普瑞巴林作为缓解神经痛的药物在临床上已经广泛使用,并得到一致的认可,其可以通过抑制神经元离子通道依赖性的疼痛递质的释放来缓解放射性神经痛。但是,普瑞巴林是否还有其它潜在的药理作用目前不明确。因此,进一步探讨普瑞巴林的药理机制,将会有助于临床上进一步对药物的使用。
发明内容
本发明的目的在于克服现有技术的不足,提供普瑞巴林在制备用于预防或治疗放射性脑损伤药物中的应用。
为实现上述目的,本发明采取的技术方案为:提供普瑞巴林在制备用于预防或治疗放射性脑损伤药物中的应用。
普瑞巴林是一种抗癫痫药,临床上主要治疗带状疱疹后神经痛。普瑞巴林作为缓解神经痛的药物在临床上已经广泛使用,并得到一致的认可,其可以通过抑制神经元离子通道依赖性的疼痛递质的释放来缓解放射性神经痛。但是,普瑞巴林是否还有其它潜在的药理作用目前不明确。因此,进一步探究普瑞巴林的药理机制,将会有助于临床上进一步对药物的使用。
发明人在研究中意外发现普瑞巴林在制备用于预防或治疗放射性脑损伤,而且未见明显的副作用。

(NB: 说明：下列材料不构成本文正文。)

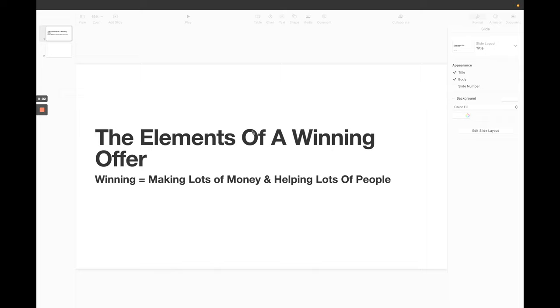Okay, so let's first of all talk about the elements of a winning offer. And the first thing I want to do that I put on this title slide is just defining winning for you. Winning just means you're making a ton of money from it and you're helping a lot of people achieve their desired result. If you have that, you've essentially got a winning offer.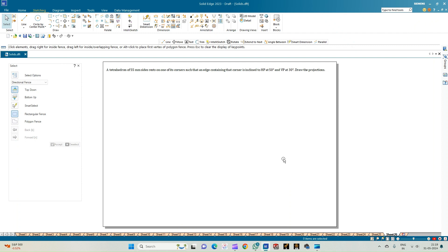Welcome to Mickey's Study Circle channel. In this video we shall see how to do the computer drafting of the orthographic projection of solids using the Solid Edge software. In this problem statement, we have a tetrahedron of 55 mm sides resting on one of its corners such that the edge containing this corner is inclined to HP at 50 degrees and to VP at 30 degrees. A tetrahedron is an equilateral triangular pyramid — the base is an equilateral triangle and the three equilateral triangular faces meet at a common apex.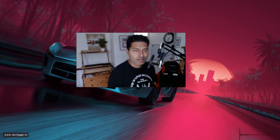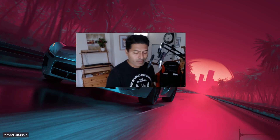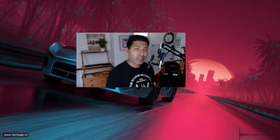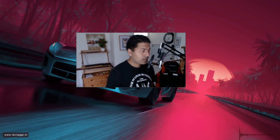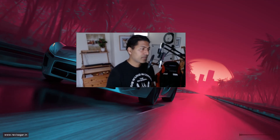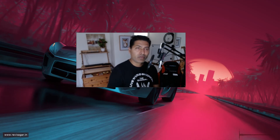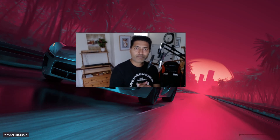That is all I wanted to talk about in this video. I hope you enjoyed watching. Happy Diwali — I wish you a happy Diwali. Be safe and have fun.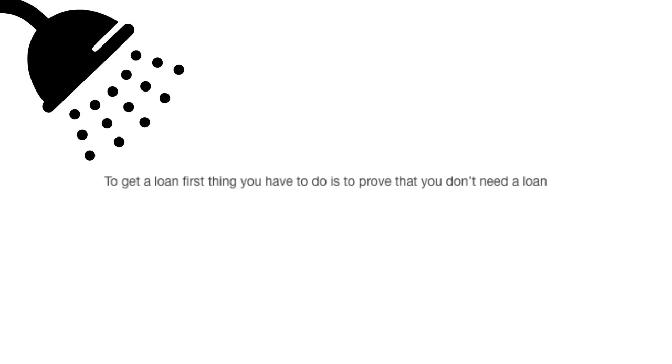And now, more Shower Thoughts by Tumblr. To get a loan, the first thing you have to do is prove that you don't need a loan.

因此,普瑞巴林可用于开发用于预防或治疗放射性脑损伤的新型药物,具有广阔的医用前景和经济价值。
作为本发明所述的应用的优选实施方式,所述放射性脑损伤为头颈部肿瘤放射治疗导致的放射性脑损伤。其中头颈部肿瘤包括常见的鼻咽癌以及脑转移瘤。
本发明还提供普瑞巴林在制备用于抑制放射性脑损伤导致的炎症反应的药物中的应用。
本申请发明人研究发现,放射性脑损伤囊性病灶及脑脊液中含有大量炎性介质如IL-1β、TNF-α、COX-2,且升高的炎性介质水平与放射后脑损伤严重程度呈正相关,提示放射后炎症微环境的形成可能参与放射性脑损伤。发明人经过大量实验发现,在放射性脑损伤小鼠模型中,普瑞巴林可以抑制炎症因子的升高,提示其具有抑制炎症的效果。
本发明还提供普瑞巴林在制备用于抑制放射性脑损伤导致的小胶质细胞的活化的药物中的应用。
作为本发明所述的应用的优选实施方式,所述药物通过作用于神经元并降低神经元中HMGB1蛋白的核转位和分泌,进而抑制小胶质细胞的活化。
小胶质细胞是中枢神经系统参与炎症反应的最主要细胞,本申请发明人研究发现脑损伤病灶中小胶质细胞胞体明显变大,并且突起缩短,这表明小胶质细胞被激活。而且放射后活化的小胶质细胞可分泌大量炎症介质引起神经元的凋亡,抑制海马颗粒下层神经再生,引起脑损伤。发明人经过大量实验发现,普瑞巴林治疗后,大脑皮层和海马区小胶质细胞的胞体大小和CD68的表达均显著性降低,表明普瑞巴林抑制放射性脑损伤导致的小胶质细胞活化。
本发明还提供普瑞巴林在制备用于抑制放射性脑损伤导致的神经元二次损伤的药物中的应用。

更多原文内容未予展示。